Recorded information:
· · · · ·

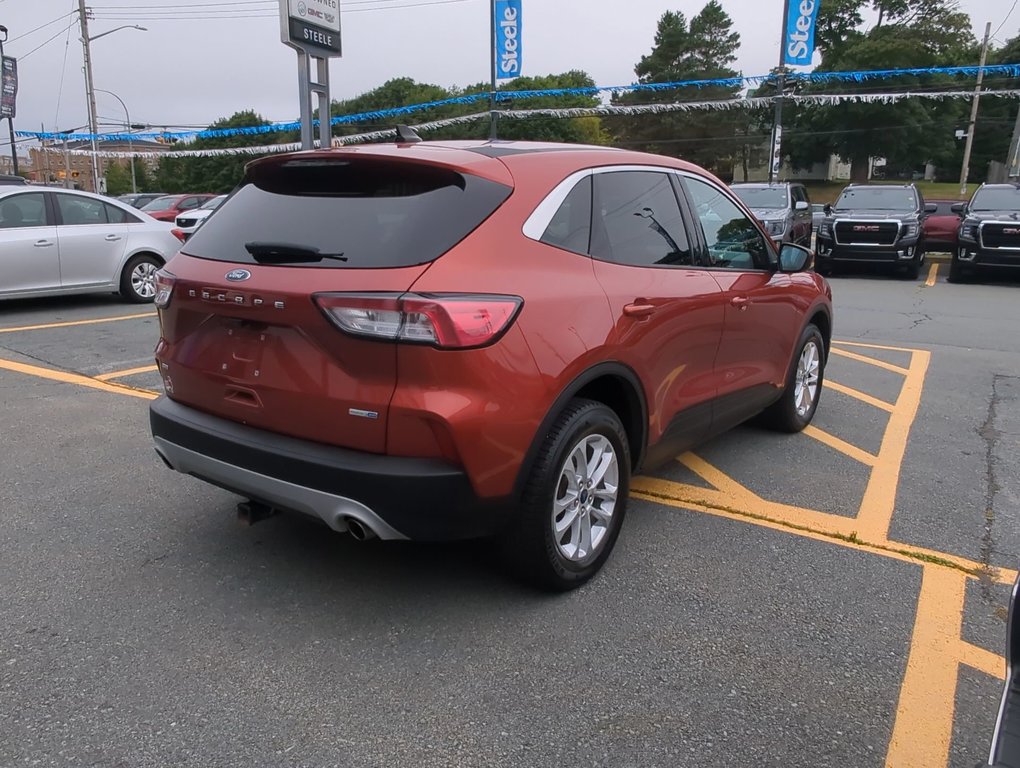 2020  Escape SE in Dartmouth, Nova Scotia - 8 - w1024h768px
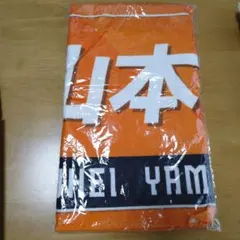 レノファ山口 77番　山本龍平選手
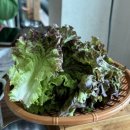 반제 | [경기 안성] 반제호수길뷰 오리주물럭 반제골 내돈내산 후기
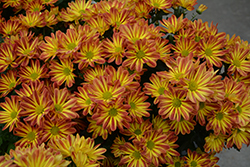 Rainbow Circus Chrysanthemum (Chrysanthemum 'Rainbow Circus') at Lakeshore Garden Centres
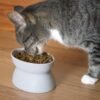 Topsats Kitty City Raised Cat Food Bowl Collection/Stress Free Pet Feeder and Waterer and Slow Feed Bowls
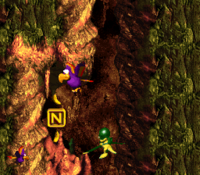 The N in Buzzer Barrage from Donkey Kong Country 3: Dixie Kong's Double Trouble!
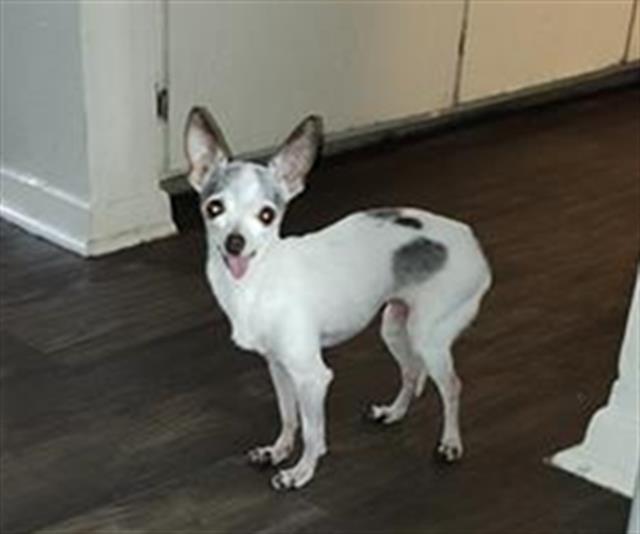 adoptable Dog in San Antonio, TX named KHLOE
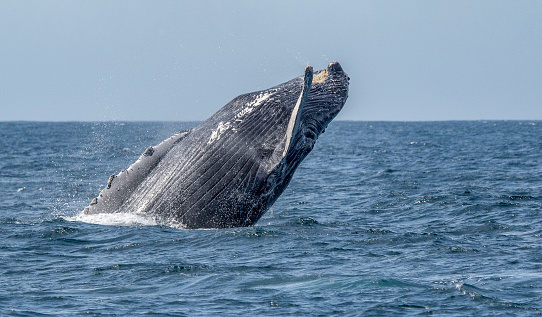 A humpback whale leaping, or breaching, out of the Sea of Cortez (Gulf of California) , Mexico, spraying water as it does so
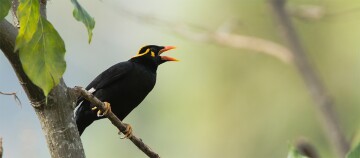 Schwarzer Vogel mit gelben Augenmarkierungen und orangefarbenem Schnabel, der auf einem Ast sitzt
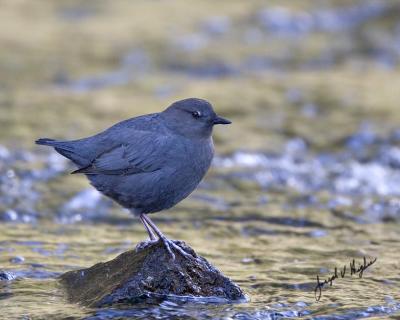 American Dipper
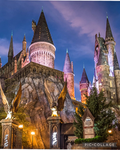 Harry potter group have a nice day
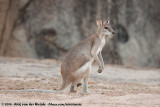 Agile Wallaby<br><i>Notamacropus agilis jardinii</i>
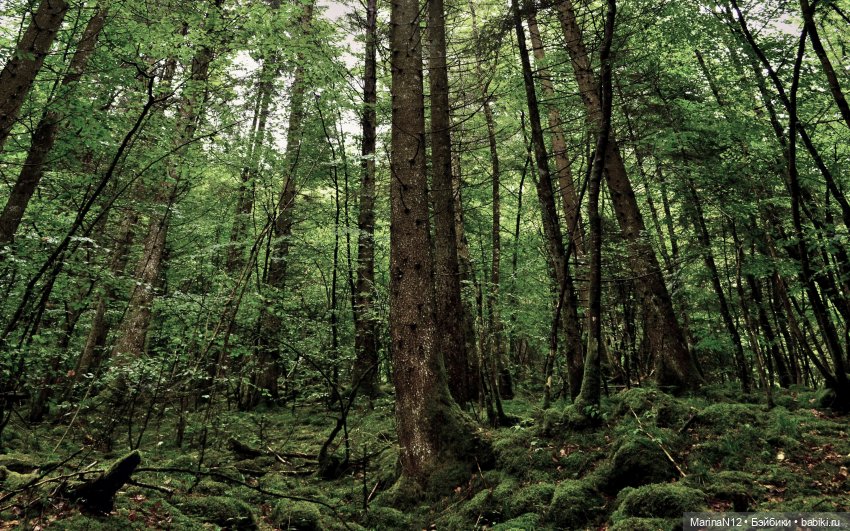 Найти выход. Глава 3 — Кукольные фотоистории и сериалы: комиксы (фото 7)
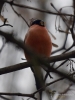Filename=0073_fotowilga~57.JPG
Filesize=252KB
Dimensions=525x700
Date added=Oct 19, 2018 0073_fotowilga~57.JPG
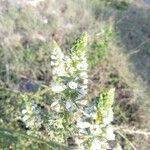 Reseda alba flower picture by Mauro Tomaselli (cc-by-sa)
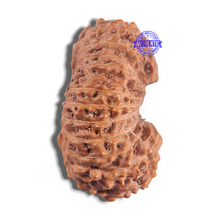 Load image into Gallery viewer, 24 Mukhi Rudraksha from Indonesia - Bead No. T
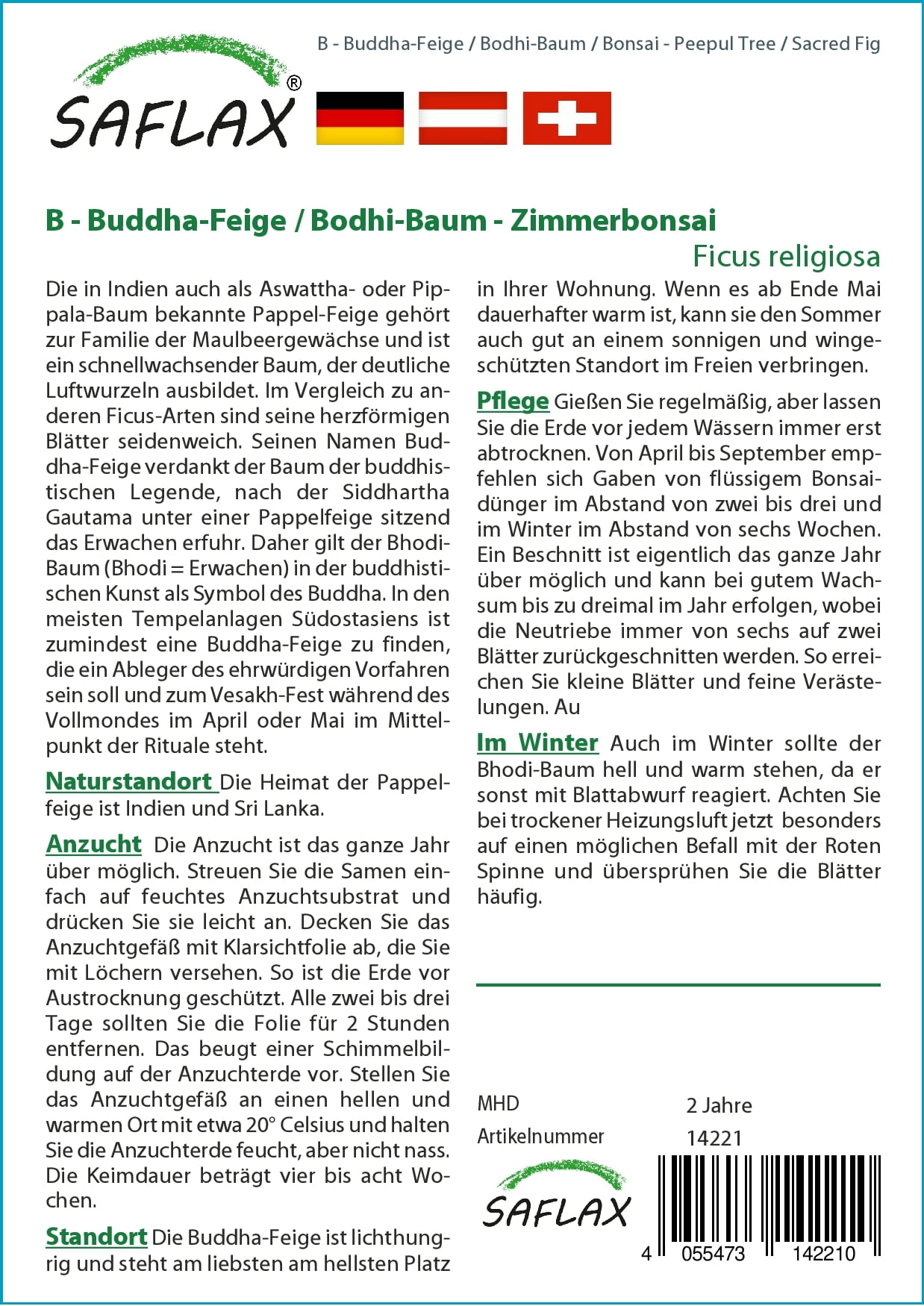 Saflax Bonsaï - Arbre de la Bodhi - 1 sachet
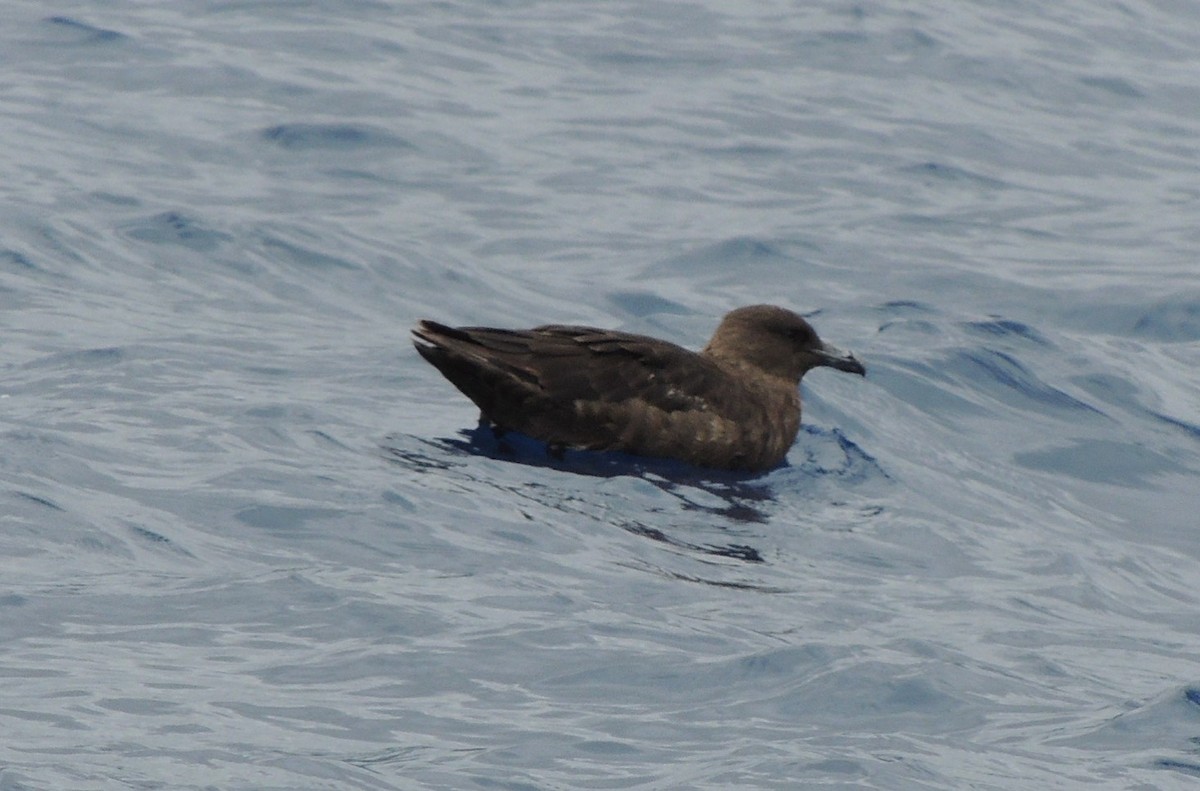 Brown Skua (Subantarctic) - ML502674981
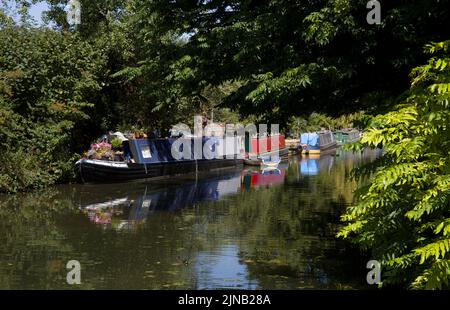 Barche a remi ormeggiate Stort River Burnt Mill Harlow Essex Foto Stock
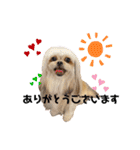 ポメシーチワシートイプー家族♡（個別スタンプ：14）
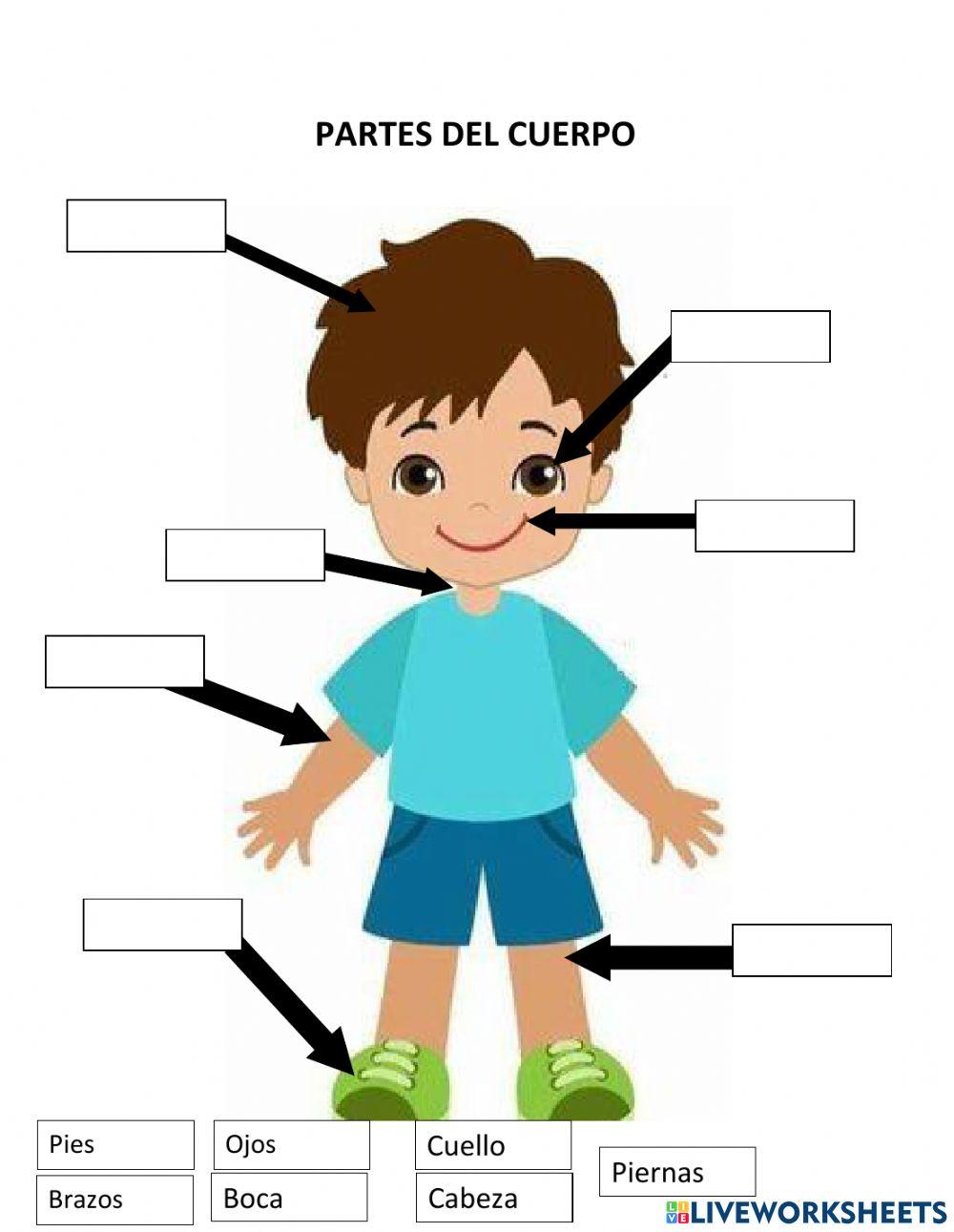 Conociendo mi cuerpo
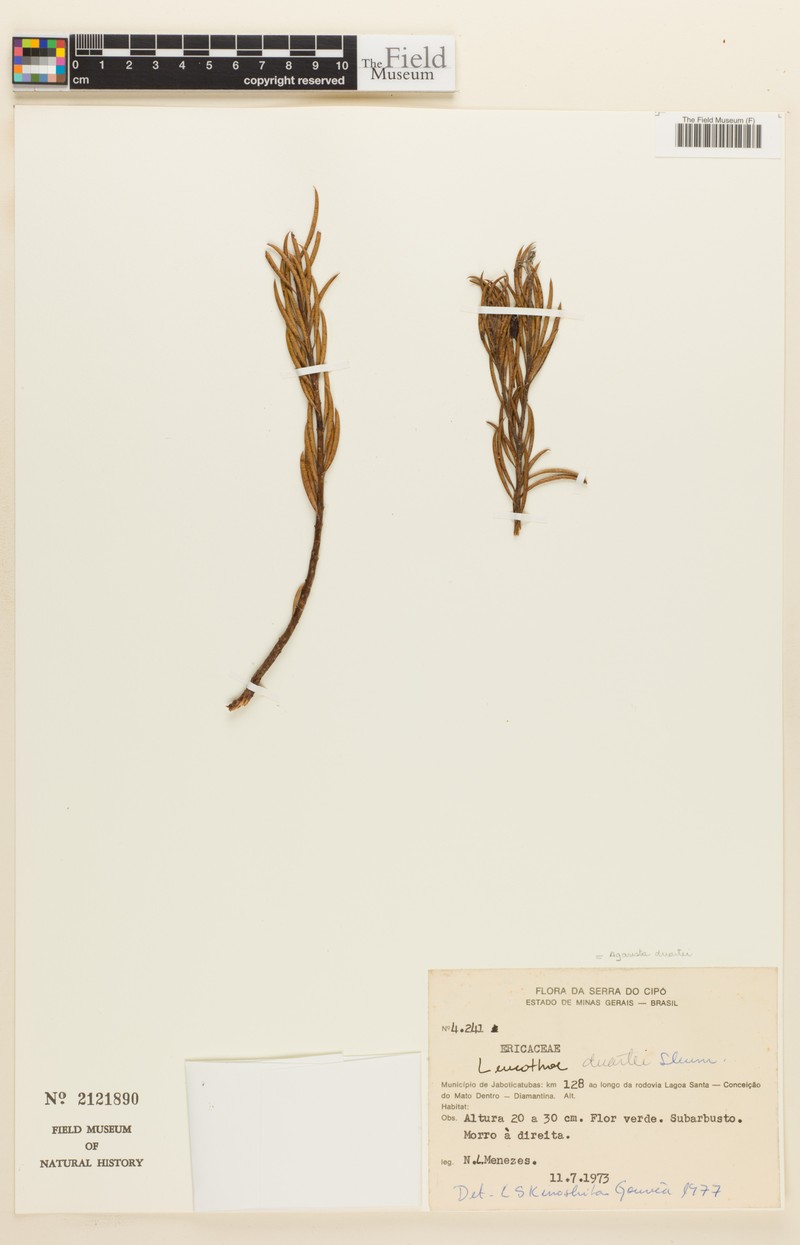 Agarista duartei photo 3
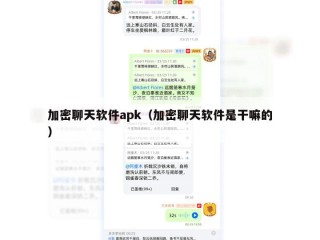 加密聊天软件apk（加密聊天软件是干嘛的）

· · · · ·

Leave every picture out and copy precisely the lines from the one containing "Dimensions=525x700" through the last line of the data above, both ends included.

Dimensions=525x700
Date added=Oct 19, 2018 0073_fotowilga~57.JPG
 Reseda alba flower picture by Mauro Tomaselli (cc-by-sa)
 Load image into Gallery viewer, 24 Mukhi Rudraksha from Indonesia - Bead No. T
 Saflax Bonsaï - Arbre de la Bodhi - 1 sachet
 Brown Skua (Subantarctic) - ML502674981
 Barche a remi ormeggiate Stort River Burnt Mill Harlow Essex Foto Stock
 ポメシーチワシートイプー家族♡（個別スタンプ：14）
 Conociendo mi cuerpo
 Agarista duartei photo 3
 加密聊天软件apk（加密聊天软件是干嘛的）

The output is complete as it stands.